Sunday, October 5, 2008

Explaining the Market....

The last three weeks have been a boon for financial reporters. All of a sudden, they get the front page stories in their newspapers, a little akin to being the weather forecasters in the middle of a hurricane. At the end of each day, after another violent market move, they go to the experts (academics, practitioners) and ask them for reasons. They get the obligatory: "The market went up (down) because...." I have always been skeptical of this Monday-morning quarterbacking, and last week illustrates why.
On Monday, the market was down 778 points and the culprit was so obvious that experts were not even consulted. The bailout bill failed to pass in the House, and the market fall was attributed to this failure. The rest of the week was less explainable. On Tuesday, when there was little news about the bailout, the market bounced back up almost 500 points. On Wednesday, when things looked rosier for the bill's success, the market was down again. On Thursday, after the senate had passed the bill, the market did nothing. (Boring never felt so good.) On Friday, the bill finally passed around midday. Good news, right! The market promptly swooned. 
There are several reasons why the market is so difficult to decipher. First, all events have to be measured relative to expectations. There is no good news or bad news in absolute terms but only in relative terms. An earnings increase of 50% at Google may be bad news, if investors were expecting an increase of 75%. A drop in earnings of 30% at Ford may be good news, if investors were expecting a drop of 50%.  Second, there are so many events swirling around markets that it is difficult to pinpoint exactly what caused the market to move on any given day: Was it the weakening dollar?
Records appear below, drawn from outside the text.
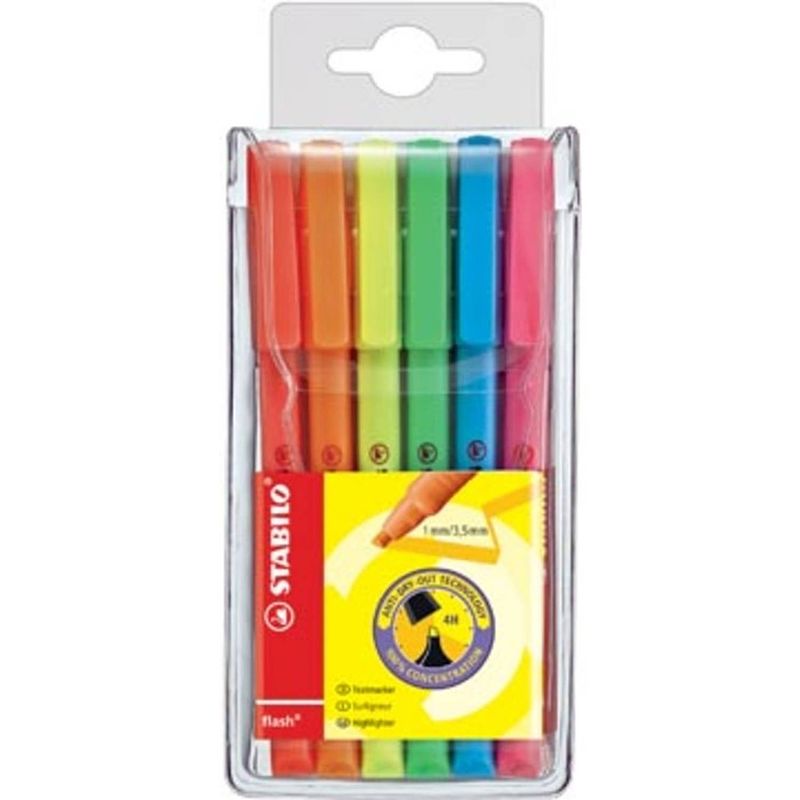 Foto van Stabilo markeerstift flash, etui van 6 stuks in geassorteerde kleuren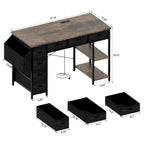Modern Computer Office Desk with Power Station and Dual Monitor Stands and 2 Drawers for Home Office or Study Organization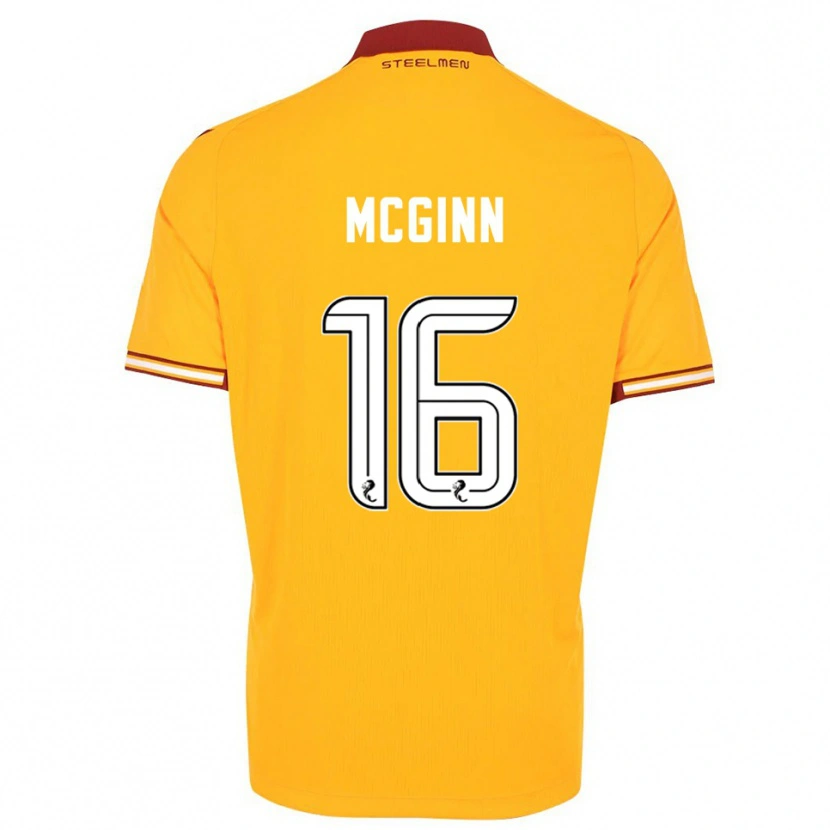 Danxen Pánské Paul Mcginn #16 Žlutá Vínová Domů Hráčské Dresy 2025/26 Dres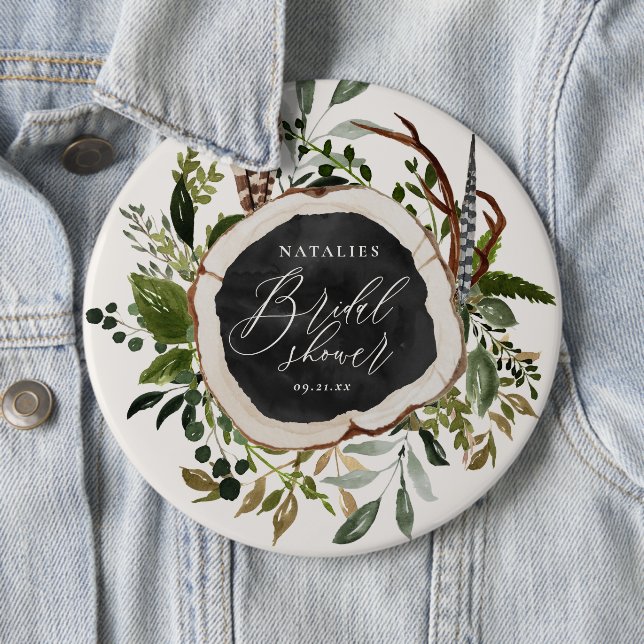 Rustic farmhouse barn botanical bridal shower 6 cm round badge (In Situ)
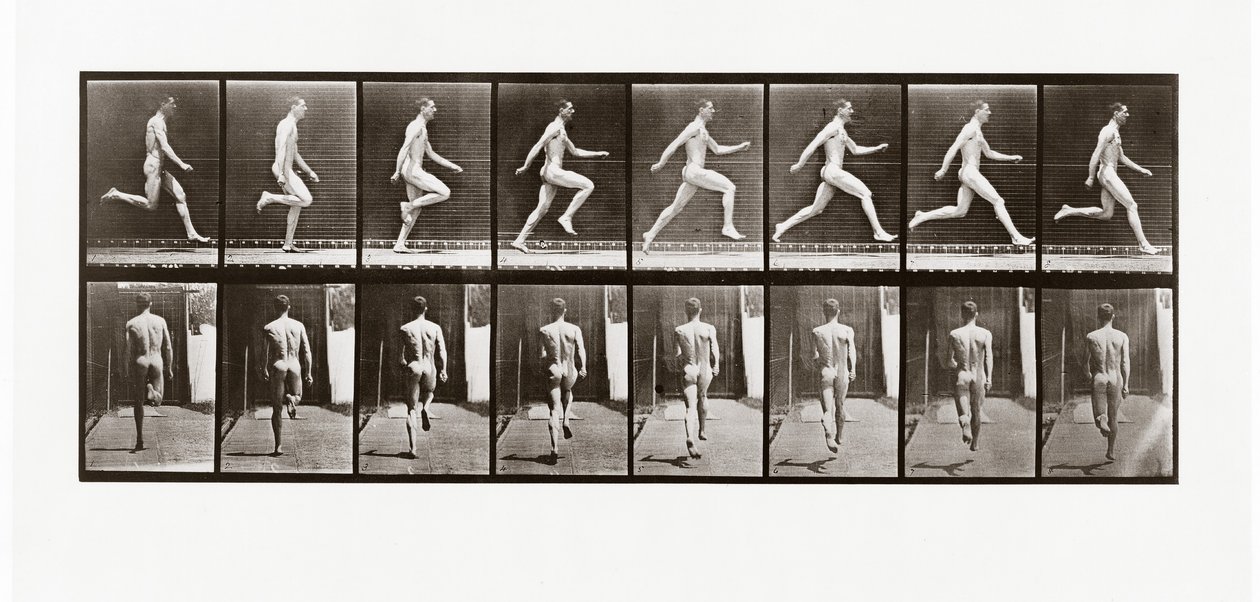 Muž běží, deska 65 z Animal Locomotion, 1887 od Eadweard Muybridge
Higher interest rates? Unexpected inflation? Third, a great deal of what happens on any given day cannot be explained; putting a reason on a big move after the fact allows us to feel better about ourselves (as investors) and a little more in control of our destinies. 
Do I think that experts should stop trying to provide explanations for market moves? Not at all. In addition to their entertainment value, these explanations may help markets put the past behind and move on... 

9 comments:

ryanshaunkelly said...

Barack John
Left and rights of passage
Black and whites of youth
Who can face the knowledge
that the truth is not the truth?
Obsolete Absolute

Ron Ralph
Cruising under your radar
Watching from the satellites
Take a page from the red book
and keep them in your sights
Red alert Red alert

USN

Little Bear said...

Great insights. Thanks for creating this blog.
Do you have any insights or comments on the Fed offering to pay interest on reserve requirements?

Rhys Kidd said...

Aswath,

A view I've long considered is that these talking-heads' opinions of the market movements, often during evening news, increases liquidity from lay investors that would otherwise remain on the sideline.

While practitioners in finance might wince at descriptions like "the ASX gave the thumbs up to the bail out package", it uses terminology that - while lacking in precision and depth - might serve its purpose and be good enough in the circumstances to make investing more accessible to lay investors.

Your thoughts?
Rhys

Aswath Damodaran said...

I m not sure what to make of the Fed offering to pay interest on reserve requirements. There is a whiff of desperation there.. and who can blame them?
As for the talking heads, I agree with you entirely. If I had my say, I would have tell investors and traders never to watch financial news. The advice you get is seldom worthwhile and you are often tempted to react to events you should not be reacting to.

Wishbone said...

A thought i have on the same is that news like anything else is a function of free markets. Had the news/views/advice given by the Financials Pundits been of some worth they would ideally be never so cheap or free....
Any news/advice worth its salt would have a premium attached to it..

Saurabh

sergei said...

About why the Fed wants to be able to pay interest on deposits... I think a good explanation is provided in Economist's article from Oct 2 called 'Plan B'. The relevant part starts in paragraph six ("When the Fed makes loans...")

Little Bear said...

Sergei,

Thanks, I will go back and look at it!

ojb said...

... "In addition to their entertainment value, these explanations ..."

Indeed. I also find that the value of said entertainment highly correlates with volatility, eg.

10am: "Dow up 200 points as investors celebrate XYZ's earnings announcement!"

2:30pm: Dow down 250 poinrs as investors mull XYZ's earnings announcement!"

aniket said...

Sir, I know this is a really old post (though eerie similarities have started reappearing) I would love to have your take on the adage that in the short term the market is frequently done digesting the developments before they even occur.